**WHAT IS REQUIRED**:
From the records below, transcribe exactly the lines that begin at the line with "別紙1 料金表 TCNスマートTVビック＋電話 TCNスマートTVビック TCN" and end at the line with "10 cách nhớ mặt chữ tiếng Hàn đơn giản nhất", both included.

(Web page caption snippets)
__________
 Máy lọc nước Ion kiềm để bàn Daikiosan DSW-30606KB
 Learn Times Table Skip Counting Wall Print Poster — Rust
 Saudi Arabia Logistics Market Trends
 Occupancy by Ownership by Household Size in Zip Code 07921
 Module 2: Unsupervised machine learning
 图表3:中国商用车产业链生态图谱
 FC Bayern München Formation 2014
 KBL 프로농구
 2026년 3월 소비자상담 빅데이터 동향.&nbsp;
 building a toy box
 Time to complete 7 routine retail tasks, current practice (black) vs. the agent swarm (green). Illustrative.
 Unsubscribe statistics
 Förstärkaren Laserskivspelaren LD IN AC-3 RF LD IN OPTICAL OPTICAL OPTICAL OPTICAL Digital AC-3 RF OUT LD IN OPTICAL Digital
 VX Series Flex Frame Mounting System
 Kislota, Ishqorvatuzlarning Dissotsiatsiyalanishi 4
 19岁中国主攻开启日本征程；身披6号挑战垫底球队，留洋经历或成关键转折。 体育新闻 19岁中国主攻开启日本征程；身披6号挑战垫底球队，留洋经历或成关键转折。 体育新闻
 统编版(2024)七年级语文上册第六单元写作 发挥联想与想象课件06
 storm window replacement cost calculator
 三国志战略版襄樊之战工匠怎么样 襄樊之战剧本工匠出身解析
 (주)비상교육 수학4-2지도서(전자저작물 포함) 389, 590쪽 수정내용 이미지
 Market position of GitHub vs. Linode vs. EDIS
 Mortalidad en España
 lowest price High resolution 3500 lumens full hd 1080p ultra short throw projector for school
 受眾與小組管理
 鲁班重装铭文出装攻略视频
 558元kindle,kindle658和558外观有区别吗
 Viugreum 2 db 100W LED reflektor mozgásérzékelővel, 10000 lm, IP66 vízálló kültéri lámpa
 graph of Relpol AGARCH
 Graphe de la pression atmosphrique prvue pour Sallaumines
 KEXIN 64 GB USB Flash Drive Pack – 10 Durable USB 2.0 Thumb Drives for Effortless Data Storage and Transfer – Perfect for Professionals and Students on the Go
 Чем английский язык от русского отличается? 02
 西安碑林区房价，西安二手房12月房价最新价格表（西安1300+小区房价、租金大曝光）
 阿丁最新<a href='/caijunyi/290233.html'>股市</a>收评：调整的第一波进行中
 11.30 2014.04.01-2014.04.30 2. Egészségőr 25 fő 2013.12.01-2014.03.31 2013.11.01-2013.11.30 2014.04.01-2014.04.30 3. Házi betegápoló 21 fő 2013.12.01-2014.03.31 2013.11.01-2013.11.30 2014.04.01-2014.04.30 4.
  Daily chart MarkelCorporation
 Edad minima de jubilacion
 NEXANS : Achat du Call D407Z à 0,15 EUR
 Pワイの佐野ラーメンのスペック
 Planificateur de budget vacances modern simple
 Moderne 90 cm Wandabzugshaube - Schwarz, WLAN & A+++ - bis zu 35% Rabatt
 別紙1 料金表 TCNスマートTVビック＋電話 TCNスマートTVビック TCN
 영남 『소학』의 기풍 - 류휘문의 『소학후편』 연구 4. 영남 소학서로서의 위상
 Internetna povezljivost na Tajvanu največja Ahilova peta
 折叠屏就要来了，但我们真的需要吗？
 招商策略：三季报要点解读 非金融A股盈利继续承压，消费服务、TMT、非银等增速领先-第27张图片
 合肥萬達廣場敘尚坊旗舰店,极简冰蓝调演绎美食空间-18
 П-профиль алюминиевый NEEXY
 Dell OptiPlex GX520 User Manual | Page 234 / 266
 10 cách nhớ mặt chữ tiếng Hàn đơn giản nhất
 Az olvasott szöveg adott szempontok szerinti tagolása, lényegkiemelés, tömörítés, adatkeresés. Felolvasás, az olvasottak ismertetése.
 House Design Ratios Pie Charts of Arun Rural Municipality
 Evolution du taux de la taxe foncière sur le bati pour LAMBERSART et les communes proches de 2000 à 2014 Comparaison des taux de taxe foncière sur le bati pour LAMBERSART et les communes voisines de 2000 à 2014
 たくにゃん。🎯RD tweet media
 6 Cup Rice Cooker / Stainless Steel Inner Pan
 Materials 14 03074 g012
__________
**SOLUTION FOR THIS EXERCISE**:
 別紙1 料金表 TCNスマートTVビック＋電話 TCNスマートTVビック TCN
 영남 『소학』의 기풍 - 류휘문의 『소학후편』 연구 4. 영남 소학서로서의 위상
 Internetna povezljivost na Tajvanu največja Ahilova peta
 折叠屏就要来了，但我们真的需要吗？
 招商策略：三季报要点解读 非金融A股盈利继续承压，消费服务、TMT、非银等增速领先-第27张图片
 合肥萬達廣場敘尚坊旗舰店,极简冰蓝调演绎美食空间-18
 П-профиль алюминиевый NEEXY
 Dell OptiPlex GX520 User Manual | Page 234 / 266
 10 cách nhớ mặt chữ tiếng Hàn đơn giản nhất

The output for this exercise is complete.